---- Stored data

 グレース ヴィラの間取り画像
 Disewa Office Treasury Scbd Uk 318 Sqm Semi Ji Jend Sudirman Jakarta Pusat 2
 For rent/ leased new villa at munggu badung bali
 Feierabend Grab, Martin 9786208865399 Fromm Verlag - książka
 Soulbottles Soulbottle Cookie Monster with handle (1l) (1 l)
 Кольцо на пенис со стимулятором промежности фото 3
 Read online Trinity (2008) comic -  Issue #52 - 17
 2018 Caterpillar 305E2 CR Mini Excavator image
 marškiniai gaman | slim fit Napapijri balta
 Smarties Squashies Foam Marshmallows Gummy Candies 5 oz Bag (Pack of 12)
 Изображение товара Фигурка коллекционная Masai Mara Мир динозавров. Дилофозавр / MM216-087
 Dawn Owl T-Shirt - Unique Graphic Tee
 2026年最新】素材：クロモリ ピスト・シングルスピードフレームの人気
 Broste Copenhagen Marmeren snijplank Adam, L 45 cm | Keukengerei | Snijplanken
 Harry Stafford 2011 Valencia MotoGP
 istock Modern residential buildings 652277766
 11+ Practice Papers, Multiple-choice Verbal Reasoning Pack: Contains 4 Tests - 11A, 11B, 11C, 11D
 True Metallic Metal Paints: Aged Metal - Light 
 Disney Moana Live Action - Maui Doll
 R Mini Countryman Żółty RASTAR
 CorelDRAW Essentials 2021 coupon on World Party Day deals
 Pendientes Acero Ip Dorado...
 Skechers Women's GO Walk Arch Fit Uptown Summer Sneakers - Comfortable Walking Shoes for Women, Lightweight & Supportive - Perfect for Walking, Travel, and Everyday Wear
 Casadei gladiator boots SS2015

--------

Using the data above, print every record exactly as shown.

**Solution to this task**
 グレース ヴィラの間取り画像
 Disewa Office Treasury Scbd Uk 318 Sqm Semi Ji Jend Sudirman Jakarta Pusat 2
 For rent/ leased new villa at munggu badung bali
 Feierabend Grab, Martin 9786208865399 Fromm Verlag - książka
 Soulbottles Soulbottle Cookie Monster with handle (1l) (1 l)
 Кольцо на пенис со стимулятором промежности фото 3
 Read online Trinity (2008) comic -  Issue #52 - 17
 2018 Caterpillar 305E2 CR Mini Excavator image
 marškiniai gaman | slim fit Napapijri balta
 Smarties Squashies Foam Marshmallows Gummy Candies 5 oz Bag (Pack of 12)
 Изображение товара Фигурка коллекционная Masai Mara Мир динозавров. Дилофозавр / MM216-087
 Dawn Owl T-Shirt - Unique Graphic Tee
 2026年最新】素材：クロモリ ピスト・シングルスピードフレームの人気
 Broste Copenhagen Marmeren snijplank Adam, L 45 cm | Keukengerei | Snijplanken
 Harry Stafford 2011 Valencia MotoGP
 istock Modern residential buildings 652277766
 11+ Practice Papers, Multiple-choice Verbal Reasoning Pack: Contains 4 Tests - 11A, 11B, 11C, 11D
 True Metallic Metal Paints: Aged Metal - Light 
 Disney Moana Live Action - Maui Doll
 R Mini Countryman Żółty RASTAR
 CorelDRAW Essentials 2021 coupon on World Party Day deals
 Pendientes Acero Ip Dorado...
 Skechers Women's GO Walk Arch Fit Uptown Summer Sneakers - Comfortable Walking Shoes for Women, Lightweight & Supportive - Perfect for Walking, Travel, and Everyday Wear
 Casadei gladiator boots SS2015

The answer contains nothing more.